Meelis Niinepuu, entrepreneur, board member of Rail Baltica Business Network Estonia
One of Rail Baltica’s fundamental questions is whether the Baltic region will remain on Europe’s periphery or become part of one of Europe’s largest economic and transport corridors. If Latvia cannot pull itself together on the RB project, Estonia will have to seriously consider a maritime alternative to transport, following Finland’s example.
The project’s failure would simultaneously become the greatest failure of Baltic cooperation in the last hundred years. Are we prepared to live with that title?
Lack of funding doesn’t worry me when it comes to Rail Baltica — the primary problem is a lack of political will. The problem does not lie in Tallinn, Vilnius, or Brussels. It lies in Riga, at Brīvības bulvāris 36.
If Latvia decides to remain on the periphery, it will not do so alone — because then we will all remain there together as a region.
Estonia cannot be a corridor to Europe alone, Lithuania cannot alone connect the Baltics to Poland and Central Europe, and Poland cannot alone make the Baltic states a natural part of Europe’s rail network. If Latvia, which sits in the middle of this corridor, continues to hesitate, it risks a large part of the Baltic economic space.
Enough of cooperation only during joint national holidays and celebrations.

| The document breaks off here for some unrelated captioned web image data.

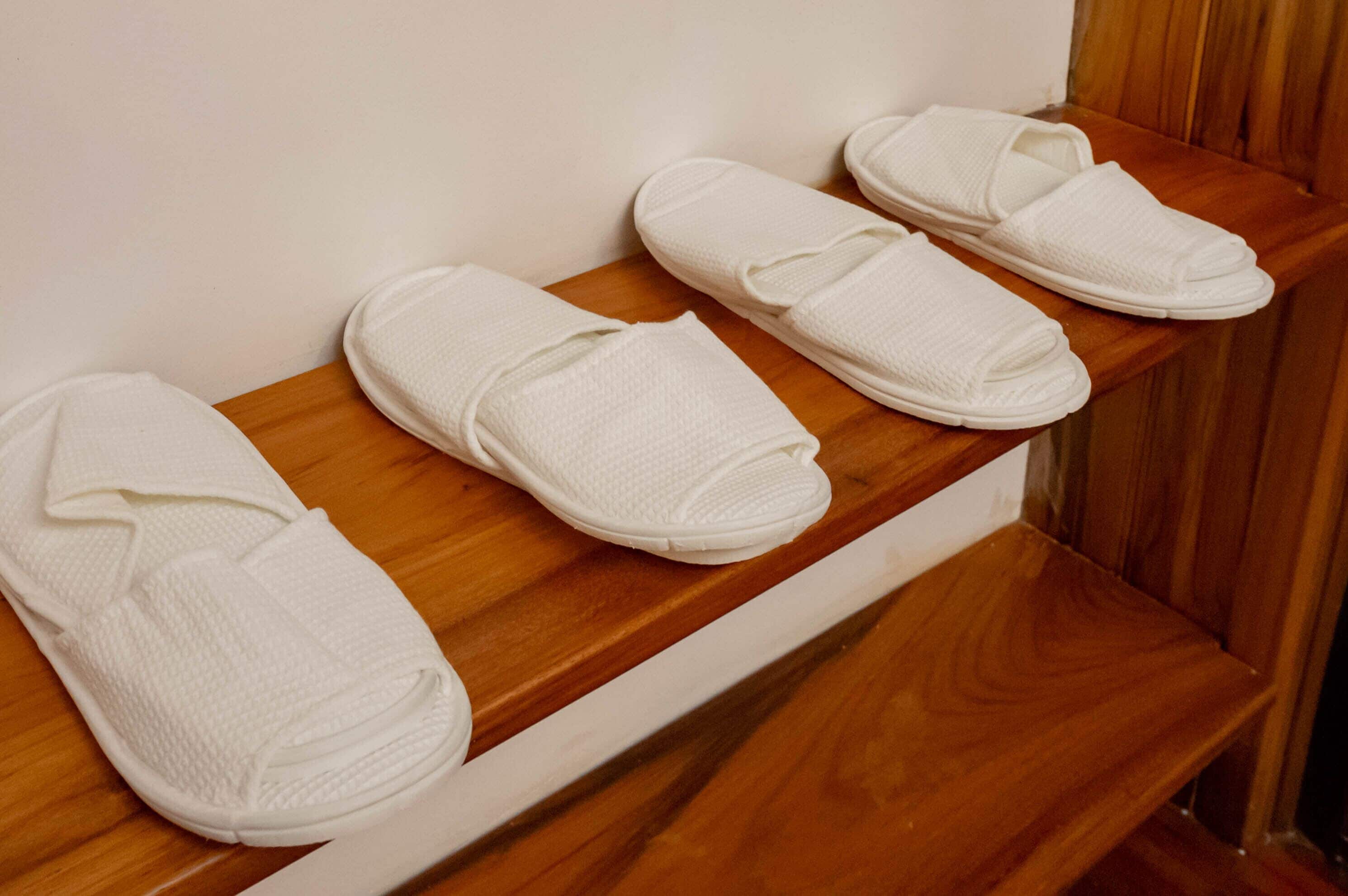 Een houten bankje met netjes opgerolde witte pantoffels.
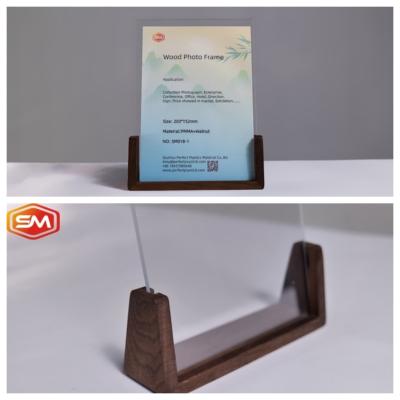 China Embedded Acrylic Photo Frame Tableholoder Wood Base for sale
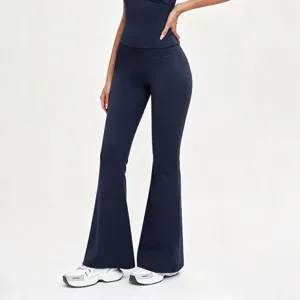 Detailed view of women's navy blue high-waisted micro flare yoga pants, fit and stretch.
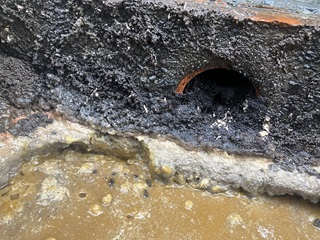 Close up image of a pipe clogged up by a fatberg, which is made up of congealed cooking oils, food waste, and other solids that have been tipped down the pipes instead of disposed of properly. 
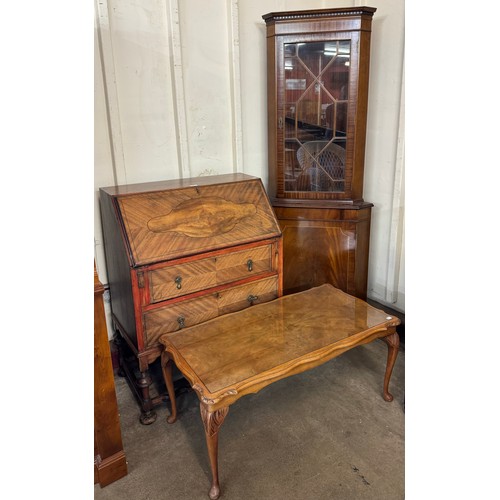 248 - An inlaid mahogany corner cabinet and a coffee table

I’ve seen this film before
I have a personal relationship with Rail Baltica, having witnessed the birth of the joint venture up close and, as a consultant in 2015, led the preparation of Rail Baltica’s European funding application. In hindsight, it’s interesting to recall that back then, the weakest link in the project seemed to be not Latvia but Lithuania.
Unlike the current situation in Latvia, more than ten years ago the main question was not whether to build Rail Baltica at all — political will and agreement were in place. The Baltic prime ministers, ministers, and parliaments had agreed that a fast, European standard-gauge connection would be built from Tallinn through Riga and Kaunas toward Warsaw.
Then the debate about how to do it began.
Lithuania had by then already built a trial section of 1,435 mm gauge track from the Polish border toward Kaunas. The problem was that it did not meet Rail Baltica’s actual ambition. It was essentially an 80–120 km/h connection whose curve geometry did not allow speeds of up to 240 km/h, as it passed through several Lithuanian villages at grade level.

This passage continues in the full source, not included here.